Analitycy IDC wskazują, że wdrażanie rozwiązań Internetu Rzeczy powinno odbywać się we współpracy z partnerami posiadającymi doświadczenie nie tylko w konkretnej branży, ale także w zakresie technologii, sprzętu i rozwiązań komunikacyjnych. Na czoło w tej grupie wysuwają się firmy IT i operatorzy telekomunikacyjn. W tym kontekście IoT jest szansą dla telekomów na nowe źródła przychodów, niezbędne w kontekście spadku znaczenia usług głosowych czy tekstowych.

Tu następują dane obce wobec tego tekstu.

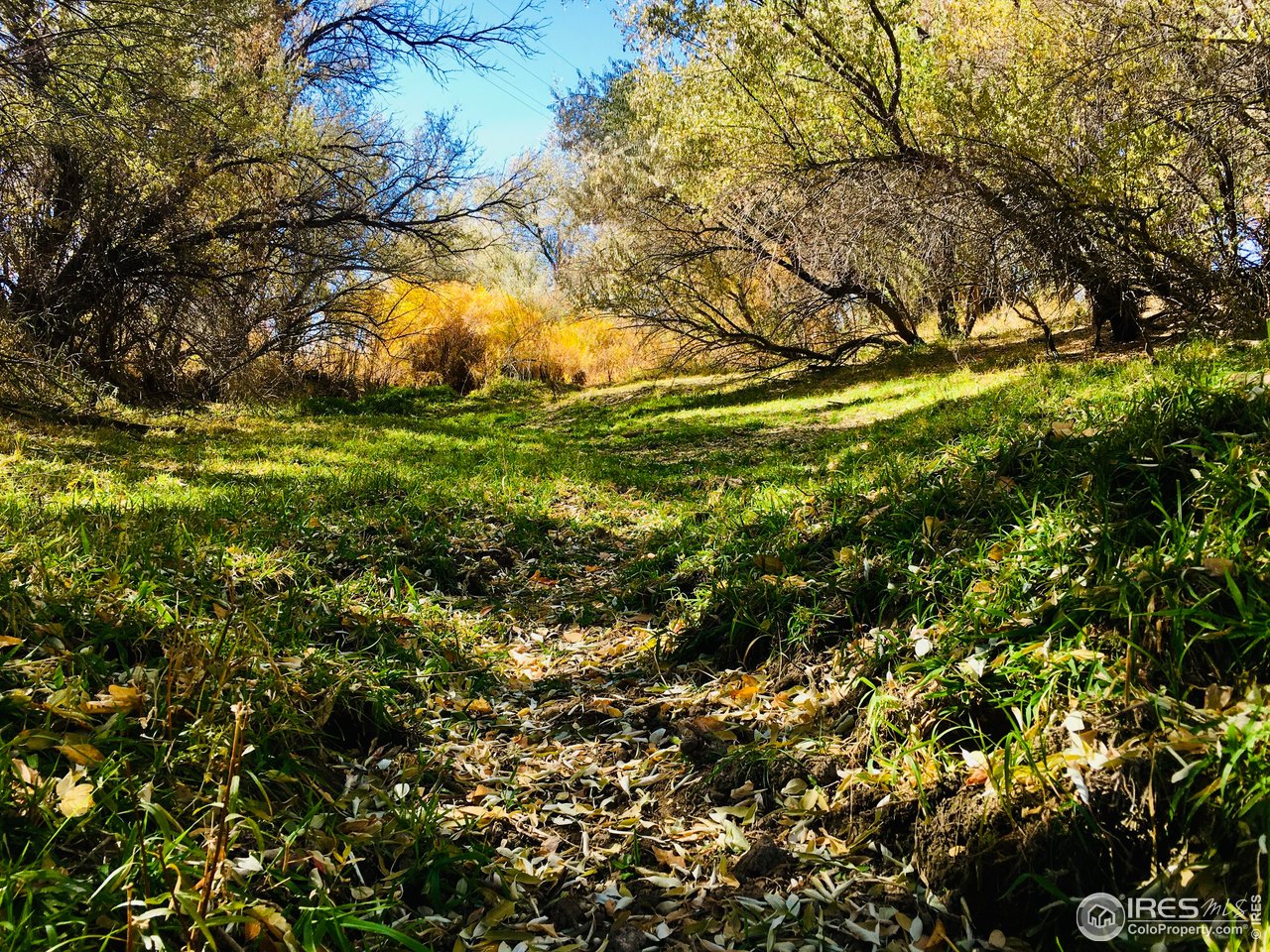 55999 Highway 318 Maybell, CO 81640 - Photo 37 of 50 a view of a tree with lots of trees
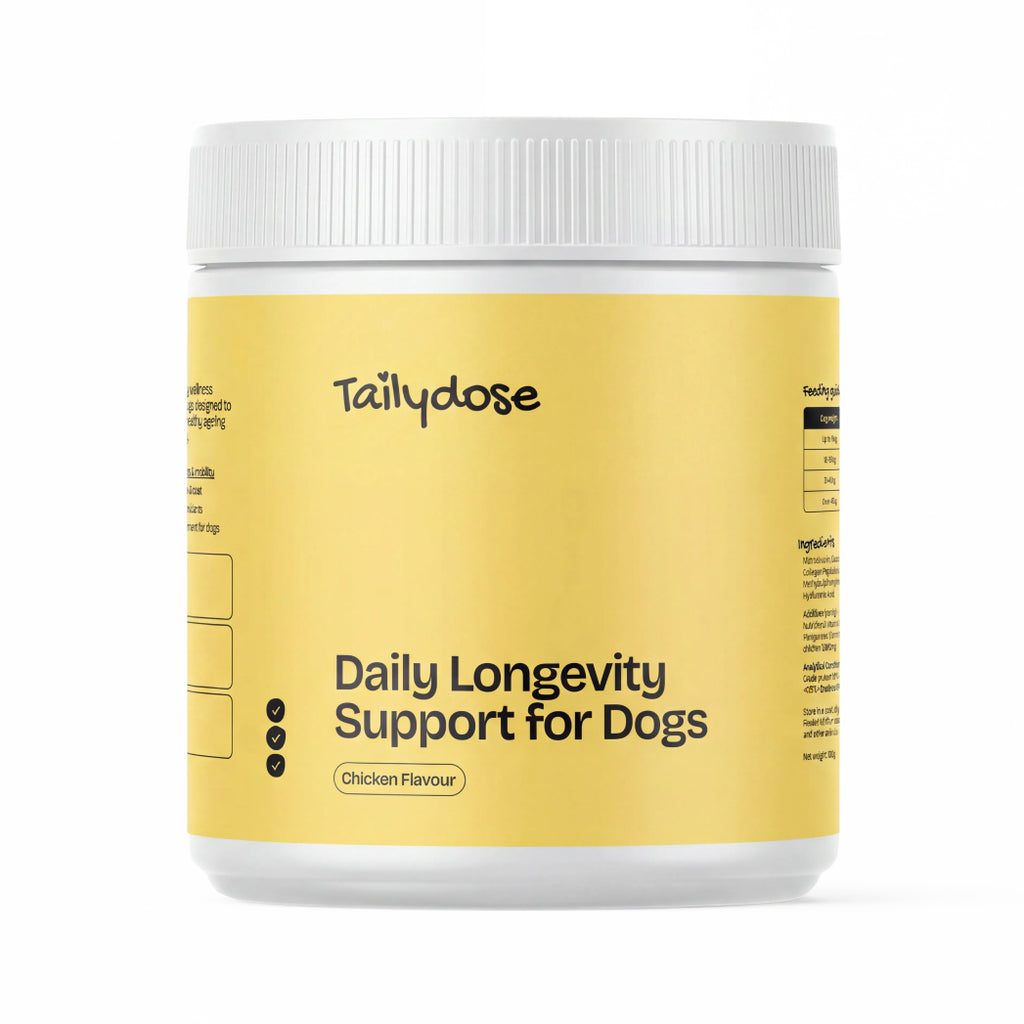 Daily Longevity Supplement for Dogs
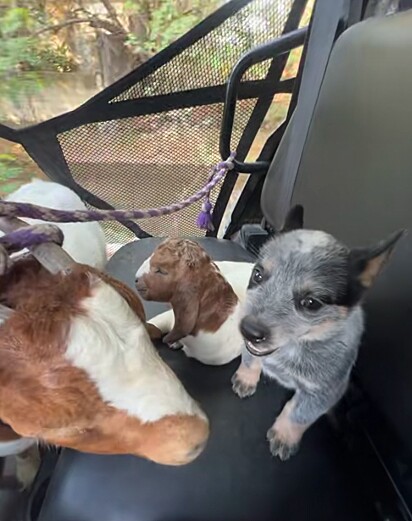 Ramoncito a caminho do seu primeiro dia de trabalho. 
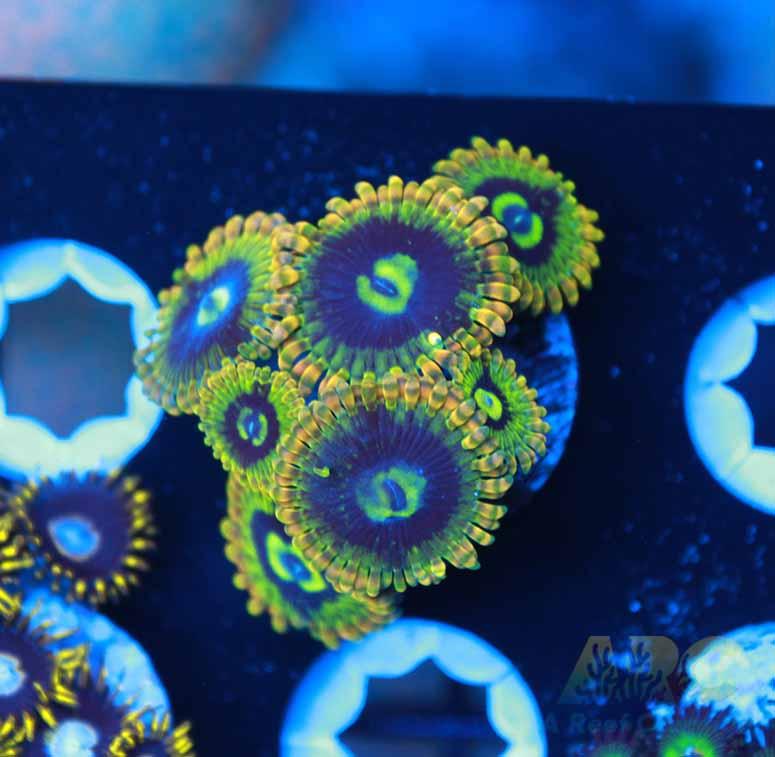 Rainbow Yoda Zoas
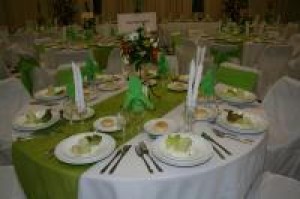 elena oficios y profesiones en Concepci&oacute;n |  BANQUETERO EN CONCEPCION Y ALRREDEDORES???????TENEMOS TODO LO QUE NECESITAS, TRONCOSO Y BRAVO BANQUETERIA/Servicio Integral y Profesional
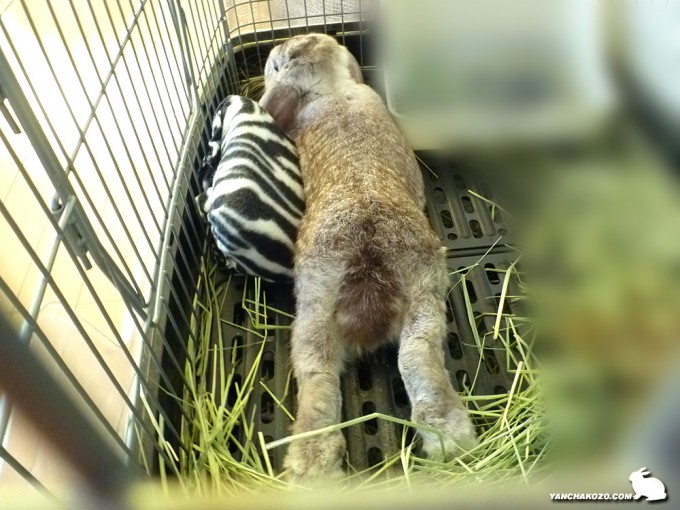 真っ直ぐでしゅけど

– W niedalekiej przyszłości rozwiązania oparte na IoT staną się powszechne w wielu branżach, od sektora publicznego, przez przemysł, po handel detaliczny czy sektor finansowy — tłumaczy Jarek Smulski, Research Manager w IDC Poland. Jego zdaniem zastosowanie technologii IoT będzie oznaczało znaczne zwiększenie konkurencyjności ich produktów i usług oraz lepszą efektywność biznesu.

Na rynku Internetu Rzeczy robi się coraz bardziej tłoczno. Tomasz Słoniewski, Senior Research Manager w IDC Polska, podkreśla, że aktywni na nim są zarówno wielcy gracze z branży IT, jak i małe, innowacyjne firmy, często startupy, które dzięki świeżym pomysłom notują szybki wzrost przychodów. Duży udział w rozwoju polskiego rynku IoT mają też firmy telekomunikacyjne.